Saturday, January 9, 2016

Basque Chicken Stew


"Poultry is for the cook what canvas is for the painter."
–Brillat-Savarin











It is written by the great Joel Robuchon that basquaise food refers to "any dish combining local



country ham, tomatoes and peppers...It is the peppers that give their local name pipers to the specialty – the piperade – a tradition that cannot be separated from that of the Espelette pepper, which is the cornerstone of local cuisine."

Basque Chicken Stew
And so, armed with even this small morsel of culinary history, it was fun to tinker for the first time with a few of the traditional ingredients of the French Basque region – peppers, tomatoes, and bacon (ham), to create an aroma and taste that would come to transport the cooking imagination.  Two likewise traditional cooking techniques were asked for in this recipe.  The first is the roasting of the peppers before cut into long slices, a process, it is described, that heightens the natural sweetness and



juicy texture inherent.  Red peppers are nearly completely transformed in the process of cooking, going from its raw state – a sort of crisp astringency – to a state of soft subtle flavor. The other technique is the peeling and seeding of ripe tomatoes, which allows for the tenderest and juiciest cores to be used.  Once bacon is added to this essential duo of the recipe, the heavier proteins follow, yet the sweet, the


smoky, and the acid is firmly established and comes to coat both the chicken pieces and potatoes as they tender.  The recipe asks that the onion and bacon fat begin the cooking process of quartered potatoes, adding parsely, thyme and a bay leaf for the aromatics, then add your variety of chicken pieces, some flour for thickening, white wine and chicken stock, preparing the stew for its fairly short simmer on the burner for somewhere around 25 minutes, flipping the chicken, and finishing with another 20 minutes at least.  As the chicken and potatoes soften and cook, the under contents also soften turning this dish to a near soup, yet saved from that form by the addition of liquid.

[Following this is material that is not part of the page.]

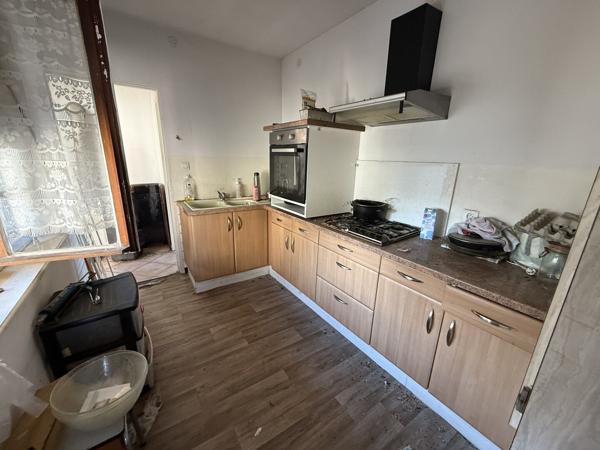 Maison d'environ 90 m² sur un terrain de 5,6 ares avec dépendances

As you watch, a learning experience is being acquired.  Just as you come to learn how soup forms its many kinds of bases depending upon stocks and waters, a stew, it seems, has its own criteria of thicker textures and certainly more full portions of meat and in this case potatoes, but none the less also maintains enough liquid form to elevate itself from a standard portioned meal.  As you picture the terrain of the Basque country, perhaps overlooking the Bay of Biscay, one can easily imagine settling in at a bistro table somewhere along the countryside enjoying a stew that smells and tastes like the farmhouse kitchens surrounding.